LIVRE : Nickel Boys (The Nickel Boys) de Colson Whitehead - 2019

9782226443038,0-6253148Accueillons avec le respect dû ce fameux écrivain américain ayant réussi à décrocher deux fois le Pullitzer, exploit visiblement rarissime, et penchons-nous sur ce roman auréolé du fameux prix. Appuyé sur des faits réels, il raconte le triste destin d'Elwood Curtis, citoyen noir dans l'Amérique des années 60. Brillant élève pouvant espérer sortir de la fatalité liée à sa couleur de peau, il est accepté dans une grande université, mais la malchance s'en mèle : accusé de vol à tort, il échoue à Nickel Academy, un centre de correction pour ados, qui va s'avérer être un véritable enfer sur terre. Les mauvais traitements sont le lot commun, surtout quand on est noir. Au son des discours de Martin Luther King, le gamin, a priori discret et déterminé à sortir par la grande porte de l'institution, va se transformer en vrai rebelle, découvrir le sens du combat pour sa liberté. L'insolence et le refus d'obéir vont s'incarner dans ce gosse, et tant pis si les coups de fouet le laissent exsangue, tant pis si le cimetière clandestin qui jouxte le bâtiment a déjà un trou pour lui, il ira jusqu'au bout de ses convictions. Whitehead décrit par le menu la somme de vexations, d'abus d'autorité, de coups, d'humiliations, d'injustices, de racisme latent, que renferme Nickel, et la naissance dans l'esprit d'Elwood du sentiment de rebellion, obligatoire à la survie dans ces années-là pour un black.

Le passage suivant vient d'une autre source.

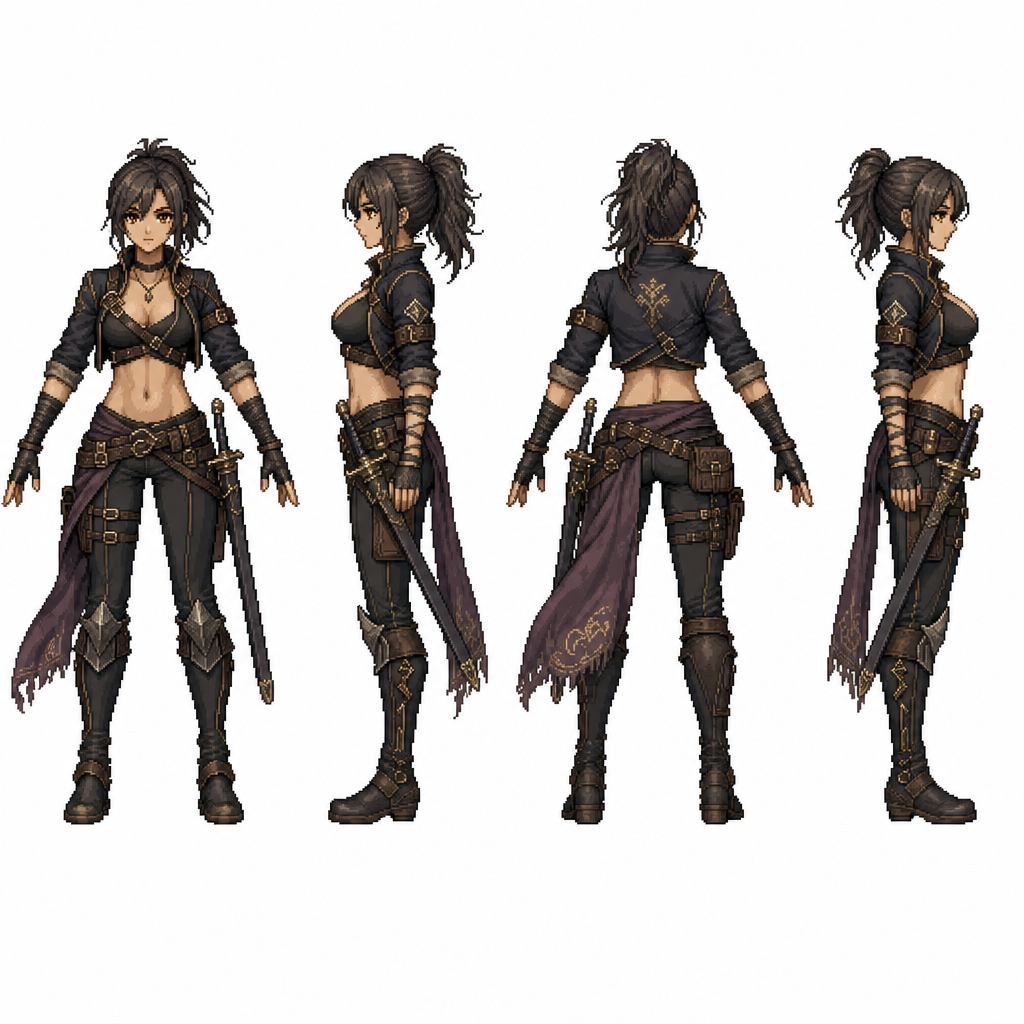 Anya Vale, Character Sprite (2)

Le miroir ici envoyé à la face de notre bonne vieille Amérique n'est pas tout à fait à l'avantage de celle-ci. Si l'intrigue se déroule il y a 60 ans, on ne peut bien sûr que faire le lien avec le mouvement "Black Live Matters" actuel. Car le racisme a l'air toujours aussi actif aujourd'hui, et toute la finesse du livre est de savoir organiser un subtil aler-retour entre les années 60 et les années 2020, en faisant parler le narrateur depuis le monde contemporain. Whitehead peut se permettre, sous couvert de témoignage d'autrefois, de balancer sévère sur les exactions commises sur ses frères, sur la complicité des notables (magnifique chapitre sur la visite de l'institution par quelques politiques), sur la totale indifférence de la population et des noirs eux-mêmes sur la souffrance de leurs frères. Le bouquin est violent et amer, vibrant tout du long d'indignation face aux injustices dont est victime le héros, pourtant convaincu de la possibilité de son émancipation. Whitehead écrit "à l'américaine" : c'est factuel, écrit tout droit, avec un sens de la construction solide et un goût pour la narration qui parvient à vous capter sans problème. S'il se permet quelques considérations plus politiques, sociales, philosophiques, ce n'est jamais en donneur de leçons, mais plutôt par la bande, en construisant une mise à distance des faits (souvent éprouvants) par le discours indirect. Tellement indirect d'ailleurs que les identités se floutent, et que la fin du livre surprend pas mal par son twist. On reconnaît cette patte à 10000 lieues, Whitehead écrivant dans une tradition séculaire de roman engagé (l'école Steinbeck, Dos Passos...), sans une once de gras, sans appuyer sur la psychologie, sans se laisser distraire par les digressions. C'est classique, sûrement un peu trop pour renverser complètement, mais tellement en colère et tellement juste qu'on ne peut que s'incliner devant cette sincérité. Son livre a en plus le mérite d'arriver à un moment idoine de l'Histoire, le prix Pullitzer était dans la poche avant même parution. Dont acte.